É ou não é piada de salão, tem bandido de gravata defendendo a redução.” Com faixas e cantos irônicos, milhares de jovens e militantes sociais protestaram na segunda-feira (13) na Praça de Sé, centro de São Paulo, contra a Proposta de Emenda à Constituição (PEC) 171, de 1993, que reduz a idade penal de 18 para 16 anos e em comemoração aos 25 anos do Estatuto da Criança e do Adolescente (ECA). Para eles, o caminho é claro: efetivar as políticas previstas no ECA, proporcionando condições para o pleno desenvolvimento educacional, cultural e profissional dos jovens.

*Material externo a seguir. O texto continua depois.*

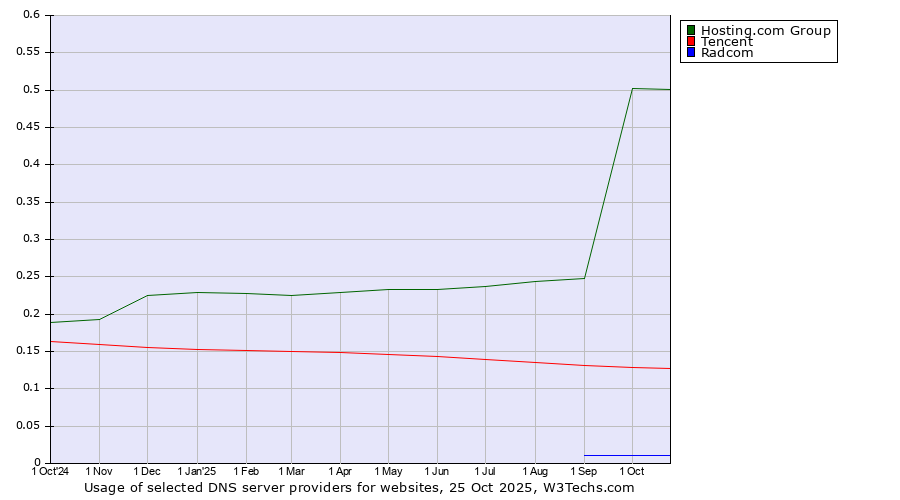 Historical trends in the usage of Hosting.com Group vs. Tencent vs. Radcom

Outros 24 estados realizaram protestos no dia de hoje, contra a proposta de redução da maioridade penal. No Rio de Janeiro, a manifestação ocorreu na Candelária, no centro da capital fluminense. A presidenta do Conselho Estadual de Defesa dos Direitos da Criança e do Adolescente do Rio de Janeiro, Mônica Alkmim, disse que os protestos são para mostrar que muita gente é contra a redução da maioridade penal. “A gente quer mostrar para a população que temos argumentos para ser contra, que é preciso, primeiro, efetivar o ECA, com todos tendo acesso a direitos”, afirmou.

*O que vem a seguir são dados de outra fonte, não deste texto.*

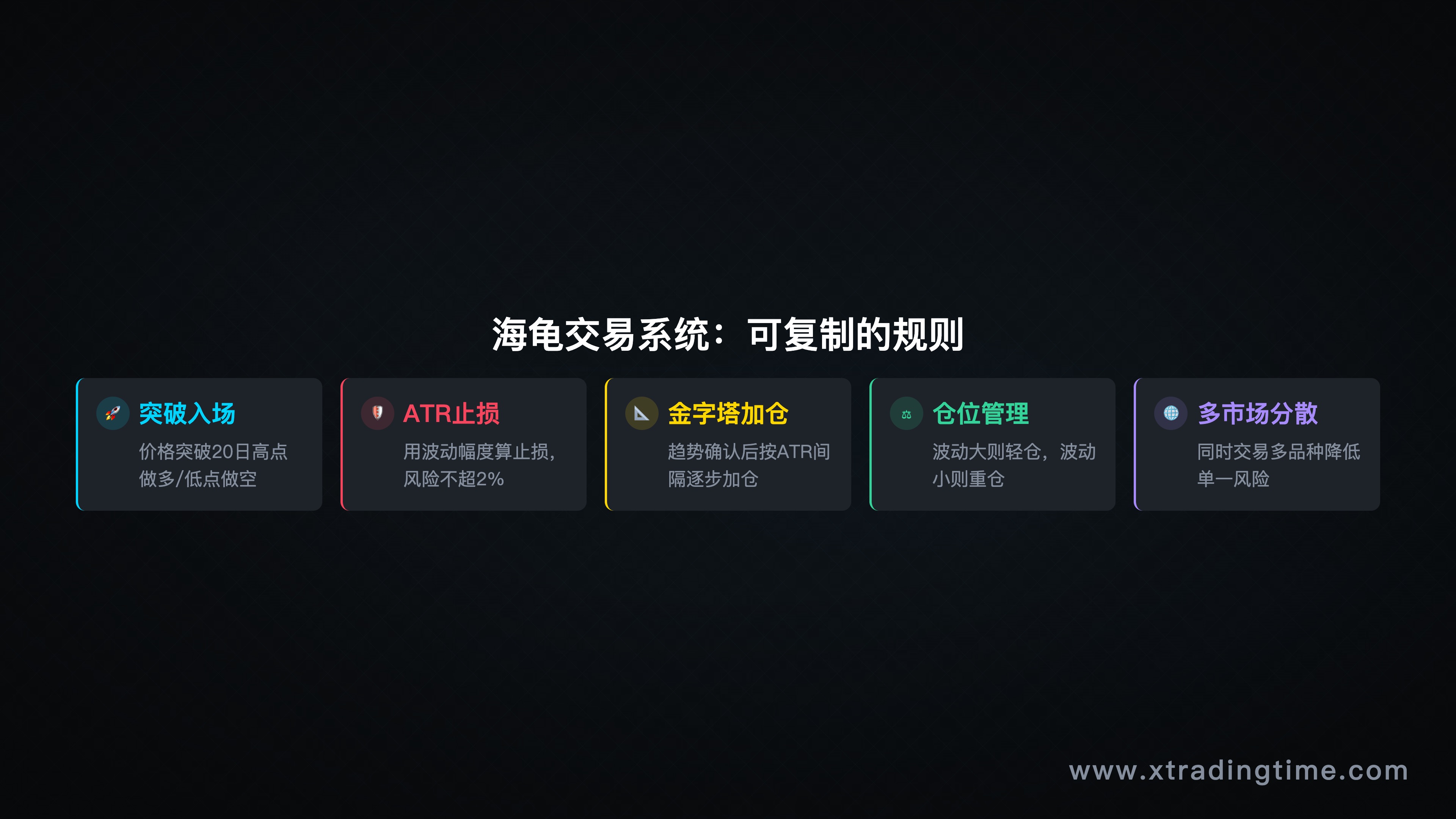 海龟系统规则框架图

“É uma proposta muito injusta. O governo não oferece boas condições para o adolescente estudar, ter uma formação e futuramente conseguir um emprego. Se cometer crime tem de ser punido, ok. Mas tem de ver que, muitas vezes, essa é a alternativa que tem para viver”, avaliou o adolescente João*, de 16 anos, presente ao ato.

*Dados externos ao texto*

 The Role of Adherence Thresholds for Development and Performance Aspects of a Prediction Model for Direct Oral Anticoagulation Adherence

Para João, não haveria problemas em reduzir a idade penal se houvesse políticas públicas eficientes de formação educacional e profissional para os jovens. “Precisa alimentar a família, precisa cuidar da mãe, quer estudar. Mas trabalho não tem. A pessoa que tem a mente mais fraca faz o quê? E aí você vai lá e joga numa cadeia esse jovem a quem não foi dada condição de viver bem? Se tivesse boas condições para todo mundo eu não seria contra a redução”, completou João.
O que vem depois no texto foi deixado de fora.